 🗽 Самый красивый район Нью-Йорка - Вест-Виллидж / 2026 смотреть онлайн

--

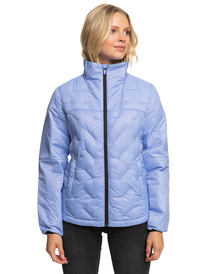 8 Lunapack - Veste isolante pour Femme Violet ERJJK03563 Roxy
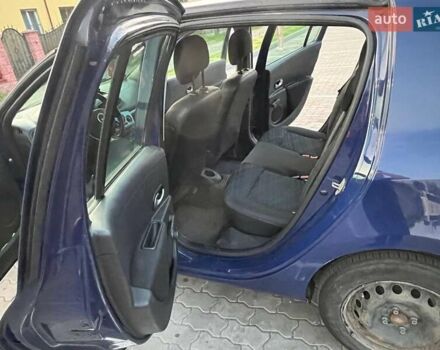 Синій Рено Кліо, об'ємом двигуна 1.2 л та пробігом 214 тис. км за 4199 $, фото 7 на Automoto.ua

...

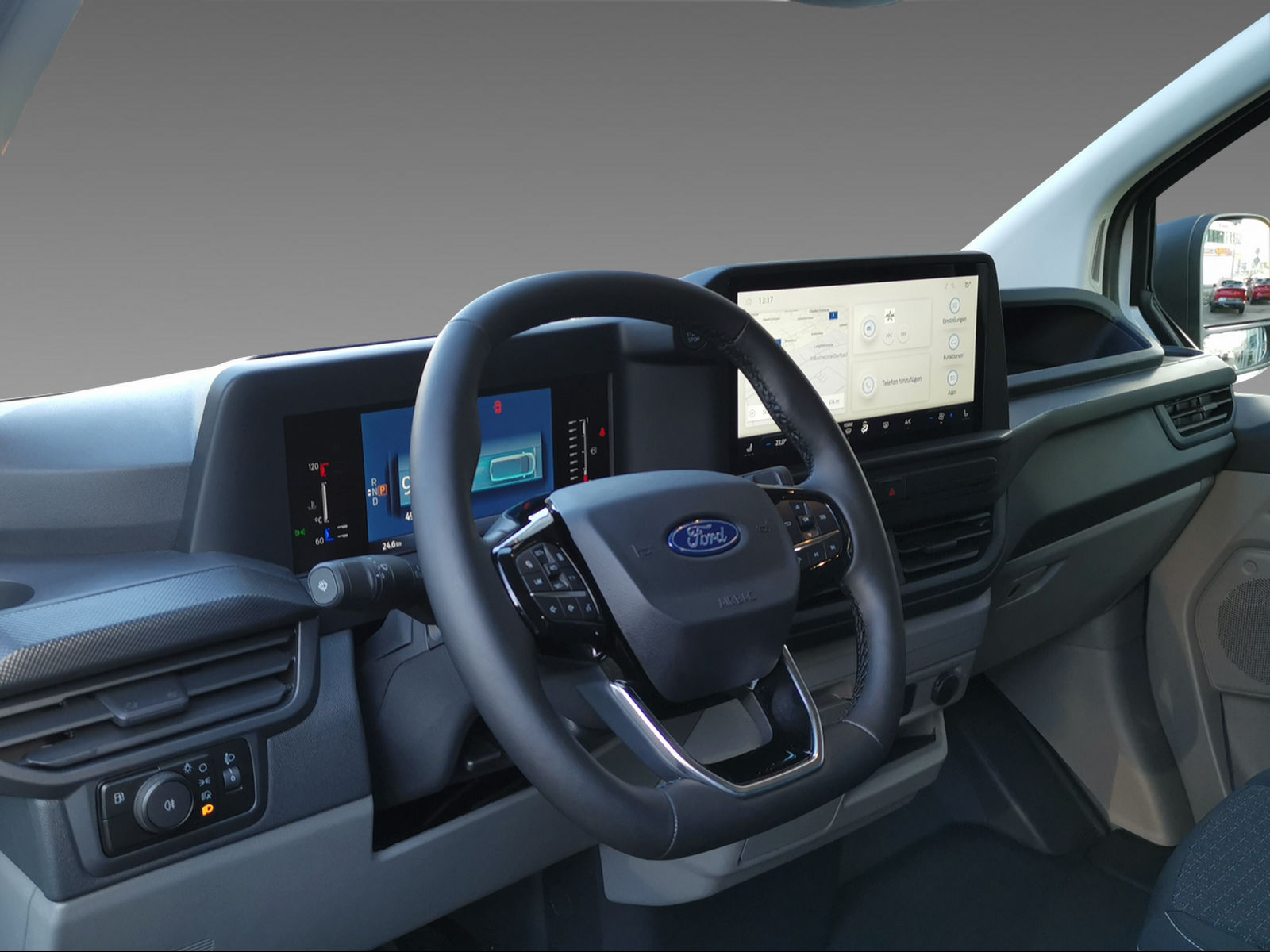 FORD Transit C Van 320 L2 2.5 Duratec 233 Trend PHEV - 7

* ABOUT THIS EXERCISE *
Look back over the records above. Reproduce exactly everything from the line with "8 Lunapack - Veste" down to the line with "Синій Рено Кліо, об'ємом", inclusive, and leave the pictures out.

* THE ANSWER *
 8 Lunapack - Veste isolante pour Femme Violet ERJJK03563 Roxy
 Синій Рено Кліо, об'ємом двигуна 1.2 л та пробігом 214 тис. км за 4199 $, фото 7 на Automoto.ua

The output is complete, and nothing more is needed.